Airtightness & Ventilation

airtightness and good ventilation need to be considered when upgrading to a more energy efficient home.

Improving AirTightness

Airtightness is important to achieve improved energy efficiency in your home.

Leak detection (using smoke pencils or similar) allows uncontrolled air inlets to be found and sealed. This is particularly important around upper floor ceilings, service penetrations, skirtings and floor junctions.

Floorboards can be sealed using strips of rubber, wood or mastic.

Airtightness tapes are very effective and can be used to seal draughty areas around windows – particularly old sash windows may have a substantial gap around them if you take off the window surround.

Doors can also be examined for air leaks, with the possibility of adding a draughtproof layer to the back of old doors that are going to be retained.

the first stage OF RETROFIT is assessing and improving the airtightness .

Ventilation

A key feature of a good retrofit is control over how your house is ventilated.

Older houses used to ventilate themselves almost by accident. Draughts around windows and doors together with open chimneys meant there would always be air moving through the home. However, this cannot be controlled and can lead to too much ventilation when it’s windy outside, which wastes energy.

We recommend a planned, designed ventilation strategy. This can help improves both the comfort and health of your home and its occupants. It can provide substantial improvements, including bedrooms not overheating in very hot weather and reductions in damp areas.

The first stage is to improve the airtightness as far as is practical. The next stage depends on the form of your home, the budget and the success of the first stage of airtightness measures.

using existing building features to improve ventilation in your home

Chimneys and underfloor options

Chimneys can be repurposed as ventilation if in the right place in the building and coming from the right rooms. If the cellar is dry this can be used as a buffer for incoming air cooling it in summer and taking the chill off it in winter.

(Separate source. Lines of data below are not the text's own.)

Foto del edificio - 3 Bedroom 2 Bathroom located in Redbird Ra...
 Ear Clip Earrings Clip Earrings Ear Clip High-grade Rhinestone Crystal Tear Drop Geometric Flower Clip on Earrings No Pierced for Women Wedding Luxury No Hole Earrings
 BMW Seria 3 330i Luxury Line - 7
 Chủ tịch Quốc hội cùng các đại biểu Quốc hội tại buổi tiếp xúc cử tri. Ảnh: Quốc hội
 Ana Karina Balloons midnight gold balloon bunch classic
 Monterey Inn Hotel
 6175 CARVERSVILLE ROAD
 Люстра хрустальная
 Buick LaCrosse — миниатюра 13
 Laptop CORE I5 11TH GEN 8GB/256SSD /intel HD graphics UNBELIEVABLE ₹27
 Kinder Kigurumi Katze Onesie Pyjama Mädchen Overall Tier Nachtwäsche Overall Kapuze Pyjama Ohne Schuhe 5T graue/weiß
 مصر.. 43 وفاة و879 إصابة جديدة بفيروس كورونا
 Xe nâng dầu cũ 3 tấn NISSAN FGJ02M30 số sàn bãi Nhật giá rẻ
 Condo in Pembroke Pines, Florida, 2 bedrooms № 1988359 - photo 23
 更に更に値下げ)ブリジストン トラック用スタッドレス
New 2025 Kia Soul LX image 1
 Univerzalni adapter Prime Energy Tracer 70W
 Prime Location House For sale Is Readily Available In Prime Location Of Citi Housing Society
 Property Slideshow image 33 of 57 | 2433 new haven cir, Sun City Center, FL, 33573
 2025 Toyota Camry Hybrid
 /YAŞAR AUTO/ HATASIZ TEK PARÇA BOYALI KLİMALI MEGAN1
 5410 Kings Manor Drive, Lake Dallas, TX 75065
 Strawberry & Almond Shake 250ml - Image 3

Another option is using the undercroft under suspended floors. This can be topped up with additional vents to form part of a planned ventilation strategy. This uses the buoyancy of warm air – roof vents designed to make the most of passing air and humidity controlled vents draw damp or smelly air out from kitchens and bathrooms.

If airtightness is good enough this creates a sufficient negative pressure to bring replacement air into the living and sleeping spaces.

For most budgets, the most accessible option uses a moisture sensitive plastic to open and close wall or window inlet vents and extract grilles into insulated flexible ducts out of ‘wet’ rooms.

Passive stack ventilation with heat recovery

A new approach from Ventive has been to put an unpowered heat exchanger between incoming and outgoing air on the roof with concentric ducts running up existing chimneys or new flues.

This is not a cheap option and care has to be taken with shared stacks and stoves or fires.

This system is in continuing development, and a new version is now being tested that may reduce the cost and improve flexibility.

Mechanical ventilation with heat recovery (MVHR)

Where really good air tightness (at least 1.5cu.m/hr/sq.m. at 50pa) can be achieved and budget permits, the ultimate in controlled efficient ventilation can be used.

This blows incoming air over outgoing air through an efficient heat exchanger that in some cases means a 90% heat exchange takes place. The principle is that the energy saved by the heat exchanger is more than that used by the fan driving it.

Units can also be fitted with additional kit to control humidity or small heating coils, so that if the building is super-insulated nearly all the heat needs can be provided by this.

They do however require maintenance – filters need regular changing and in cold damp climates care needs to be taken with condensation from outgoing air.